- Your goal:
Take the lines from the one containing "MikkyMoony – Naživo chatovacia miestnosť" through the end of the material and write them out exactly, omitting pictures.

[[ Dataset excerpt open ]]

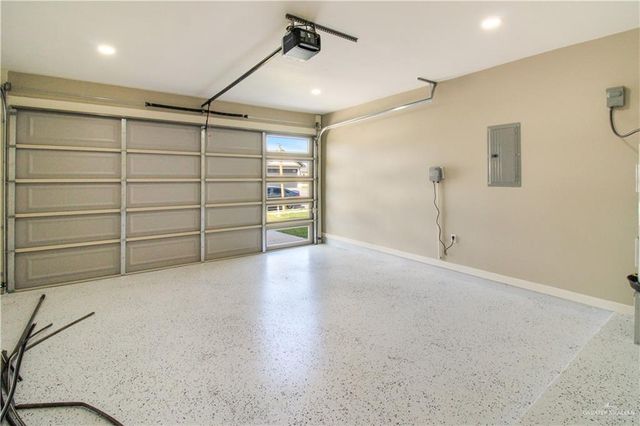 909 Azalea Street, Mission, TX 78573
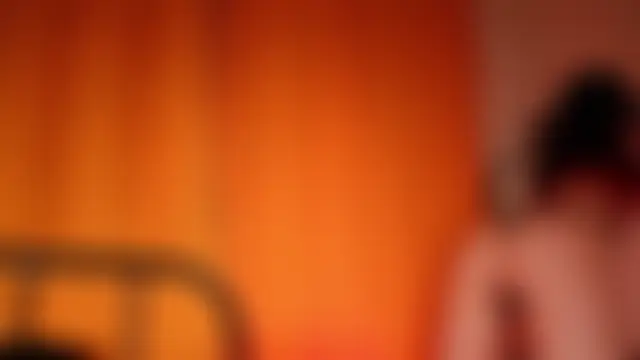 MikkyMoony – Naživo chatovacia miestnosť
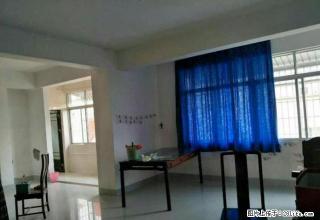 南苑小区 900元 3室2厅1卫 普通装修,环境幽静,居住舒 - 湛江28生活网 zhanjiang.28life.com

[[ Dataset excerpt closed ]]

- Written answer:
 MikkyMoony – Naživo chatovacia miestnosť
 南苑小区 900元 3室2厅1卫 普通装修,环境幽静,居住舒 - 湛江28生活网 zhanjiang.28life.com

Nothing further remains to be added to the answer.